## INSTRUCTIONS TO FOLLOW
Exactly as shown, give the full listing again.

## EXERCISE DATA
════════
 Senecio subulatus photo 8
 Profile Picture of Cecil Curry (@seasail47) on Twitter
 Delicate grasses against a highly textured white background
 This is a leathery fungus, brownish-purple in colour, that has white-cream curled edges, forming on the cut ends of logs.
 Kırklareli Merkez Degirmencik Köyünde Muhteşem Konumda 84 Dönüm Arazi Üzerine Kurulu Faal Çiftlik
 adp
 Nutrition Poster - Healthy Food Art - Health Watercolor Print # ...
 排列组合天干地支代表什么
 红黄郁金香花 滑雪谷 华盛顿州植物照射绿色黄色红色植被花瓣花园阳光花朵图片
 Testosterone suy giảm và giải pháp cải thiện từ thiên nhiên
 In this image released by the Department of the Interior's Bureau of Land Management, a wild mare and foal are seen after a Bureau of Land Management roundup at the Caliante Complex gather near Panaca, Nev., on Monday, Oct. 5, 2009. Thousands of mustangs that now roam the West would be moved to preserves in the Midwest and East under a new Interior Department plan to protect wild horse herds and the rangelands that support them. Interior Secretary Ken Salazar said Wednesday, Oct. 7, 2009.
════════
## RESPONSE AREA
 Senecio subulatus photo 8
 Profile Picture of Cecil Curry (@seasail47) on Twitter
 Delicate grasses against a highly textured white background
 This is a leathery fungus, brownish-purple in colour, that has white-cream curled edges, forming on the cut ends of logs.
 Kırklareli Merkez Degirmencik Köyünde Muhteşem Konumda 84 Dönüm Arazi Üzerine Kurulu Faal Çiftlik
 adp
 Nutrition Poster - Healthy Food Art - Health Watercolor Print # ...
 排列组合天干地支代表什么
 红黄郁金香花 滑雪谷 华盛顿州植物照射绿色黄色红色植被花瓣花园阳光花朵图片
 Testosterone suy giảm và giải pháp cải thiện từ thiên nhiên
 In this image released by the Department of the Interior's Bureau of Land Management, a wild mare and foal are seen after a Bureau of Land Management roundup at the Caliante Complex gather near Panaca, Nev., on Monday, Oct. 5, 2009. Thousands of mustangs that now roam the West would be moved to preserves in the Midwest and East under a new Interior Department plan to protect wild horse herds and the rangelands that support them. Interior Secretary Ken Salazar said Wednesday, Oct. 7, 2009.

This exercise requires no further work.